The ball field that bears his name and the street leading to it - Connie Mack Road - are the only visible reminders that Mack spent the first 21 years of his life here.

He was born in 1862 in a small rented house at Main and Maple Streets while his father, Michael, a wheelwright, was away fighting in the Civil War. The war scarred Mack's father, an alcoholic who never worked again and became a regular at Steven's Tavern. By then the Macks had moved to the small North Brookfield Road cottage they'd purchased for $625.

"I've read that they grew things out back there and had cows and pigs," Gordon said. "I live there now and I'd love to know how they fit all those things on that small piece of property."

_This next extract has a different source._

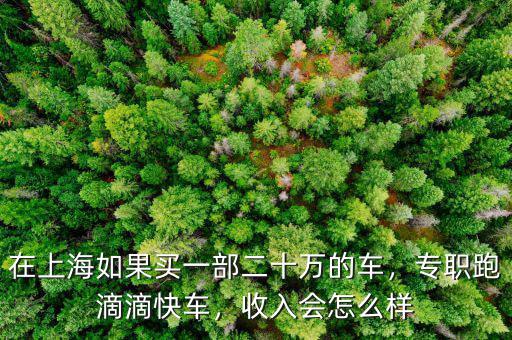 在上海如果買一部二十萬(wàn)的車，專職跑滴滴快車，收入會(huì)怎么樣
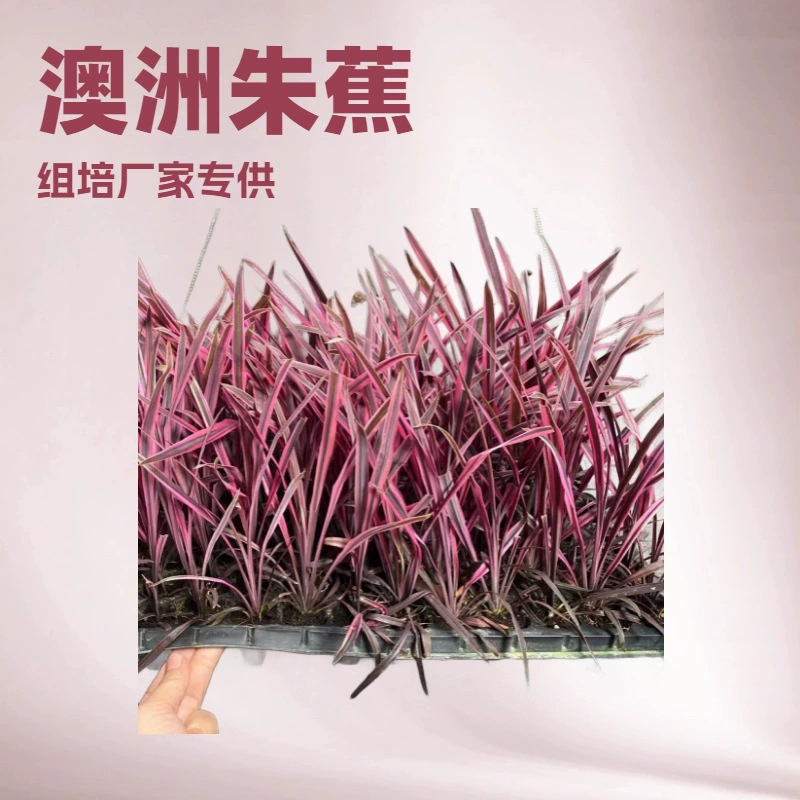 База поставляет большое количество декоративных растений корриды почвы (Австралийский Чжу Цзяо) ткани культуры Отверстие Сад Цветок рассады партии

Mack, because of his father's alcoholism and his mother's determination that it not be repeated in his children, never drank. He was, Macht said, forever self-conscious about his lack of education, but once he learned to control his temper he set about transforming himself into a gentleman.

"You people in East Brookfield probably believe Connie Mack was always this tall, white-haired, saintly person," Macht told the audience. "But when he was young he was hot-tempered. There was one occasion in New York where it took two people to drag him off the field after an argument."

Mack went to work at 14 in a local mill. During lunch, in the evenings, and on Sundays, he and his friends would play baseball in a field across the street from his home.

After the triumph in that 1883 game - Mack would always say it was his greatest day on a baseball field - an East Brookfield teammate, Will Hogan, was signed by a professional team in Meriden, Conn. Hogan asked that Mack be given a tryout. The lanky catcher nicknamed "Slats" impressed, and one of the longest careers in baseball history began.

Dick Armstrong, a Presbyterian minister who worked as the A's public-relations person in the last years before their 1955 move to Kansas City, said his elderly boss commanded so much respect that virtually everyone called him "Mr. Mack."

"I've never met anyone who didn't love the man," Armstrong said.

Betty Tanley Carter, whose father, Ted, a South Philly native who was the A's longtime trainer, said she and brother Fran met Mack on several occasions at Shibe Park, the North Philadelphia ballpark later renamed for him.

"He was always so nice and polite," said Carter, 73, of New Haven. "Baseball is still extremely popular, but back then it truly was America's pastime. It was so special for us as kids to have been a part of all that."

While the lectures were taking place, a father and his teenage son roamed the lobby exhibits, the boy increasingly amazed by what he learned about this fellow East Brookfield resident.

"I can't believe it," the boy said. "Someone from East Brookfield is in the Hall of Fame."